→ Assignment
Only the lines from the one with "6893-02-3 T3 (Liothyronine sodium)" through the last line of the data below are to be duplicated, exactly and without pictures.

→ Dataset extract
━━━━━━

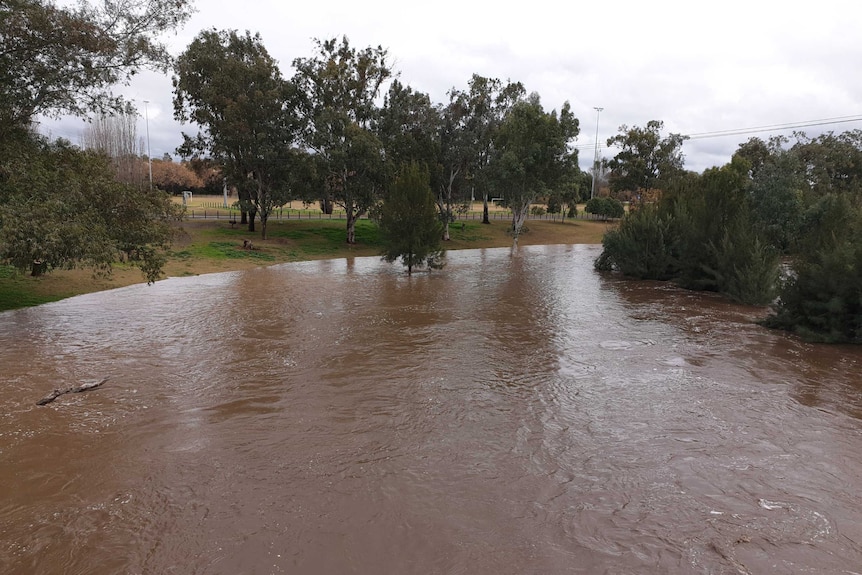 A wide brown river engulfs trees and runs up the bank at Tamworth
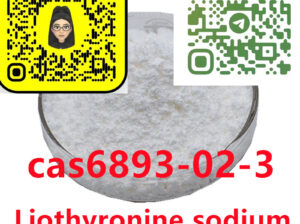 6893-02-3 T3 (Liothyronine sodium)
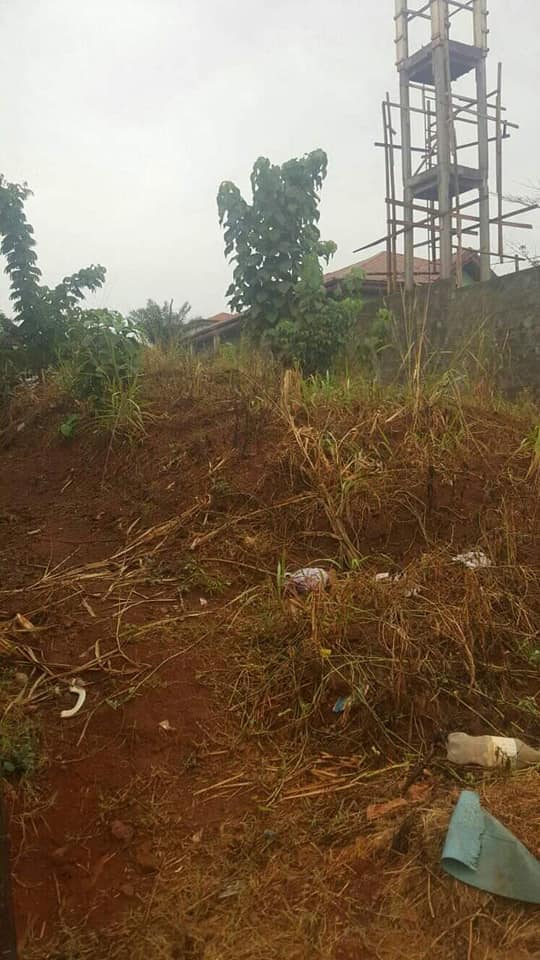 162888413_1604489703075843_6223815272563307337_n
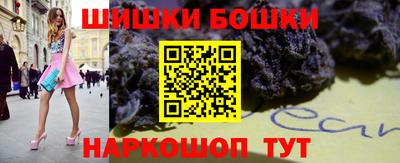 индика Обнинск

━━━━━━

→ Answer space
 6893-02-3 T3 (Liothyronine sodium)
 162888413_1604489703075843_6223815272563307337_n
 индика Обнинск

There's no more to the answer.